When your bestie is marrying a guy she barely knows, can you save her from the cult before it’s too late?       

Natalie is living proof that love is a scam.     

She’s traumatised by her parents' failed marriage and overwhelmed by her grandmother’s expectations of good Lebanese girls - marriage, motherhood and exceptional tabouli-making skills.     

When her best friend decides to get hitched to a guy in the motherland, Nat’s not exactly thrilled by the mammoth task before her: juggling cultural traditions, extra bridesmaid dresses and super-judgemental relatives.     

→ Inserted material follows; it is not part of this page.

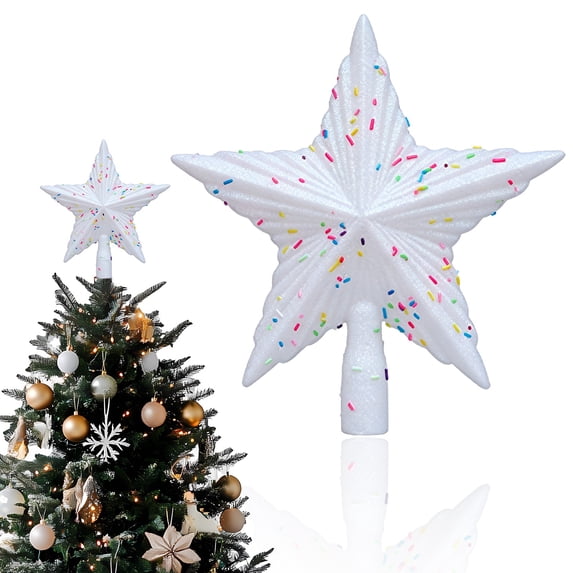 Star Christmas Tree Topper, Shatterproof Plastic Material with Glitter Finish, Reusable Xmas Tree Decoration for Holiday Parties and Home Use, White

And to top it off there’s the annoyingly good-looking best man and his constant need to mansplain all of the things.     Natalie is in for the trip of her life. But can she save her friend from the cult of romance, without falling in love herself?     


PRAISE FOR THE CULT OF ROMANCE   

‘The Cult of Romance is a vividly realised, dazzling and charming book which made me snort with laughter as much as it compelled me to pause for thought. Ayoub tackles the agonies and joys of in-betweenness, of what, who and where we make and feel homeland and heartland. Her intimacy with the worlds she writes about is obvious in her rich and subtle descriptions. Ayoub has given Australian YA literature a fresh and uniquely cross-generational and cross-border perspective on perennial themes of identity, family, friendship, loyalty and love. A young Australian Lebanese woman grappling with these questions as she navigates her parent’s homeland, Lebanon. The story invites readers to think about the many worlds-and worlds within worlds- children of migrants must navigate without losing sight of the humour, lightness and joys in the journey. Ayoub has written something truly original and special.’    - Randa Abdel-Fattah, award-winning author ofWhen Michael Met Mina   

Review

To Natalie, marriage is a scam and love is a lie. At least that’s what her parents’ failed marriage has led her to believe. When her best friend, Janet returns from Lebanon with an engagement ring, Natalie’s response is that Janet’s making the biggest mistake of her life. Natalie is struggling with her identity as Lebanese-Australian, pushing against her Tatya’s (grandmother) expectations and the Lebanese culture. So heading to Lebanon for the first time for Janet’s wedding is terrifying. Then there’s the mansplaining, handsome best man that is driving her insane. There’s nothing I enjoy more than an enemies to lovers trope!

From the very first chapter, The Cult of Romance had me enthralled. Sarah Ayoub has created a fresh story, perfectly entwining Lebanese language into the narrative and paints a vivid picture of Lebanon and its culture. I adored Natalie. She’s such a strong character, and incredibly relatable. She’s trying to navigate a world where she doesn’t feel like she belongs anywhere, all while trying to do well at uni, start up a business and not lose her best friend to a man. The characters in Natalie’s life are also well written and relatable, each with their own narratives. I would definitely read a spin-off of her friends Mark and Thi and their adventures in Lebanon.This book had me squealing, cringing and yes, I did shed a few tears towards the end. Although it’s centered around a wedding, ultimately it is a story of the strengths of family, friendships, and finding where you belong. For ages 15+.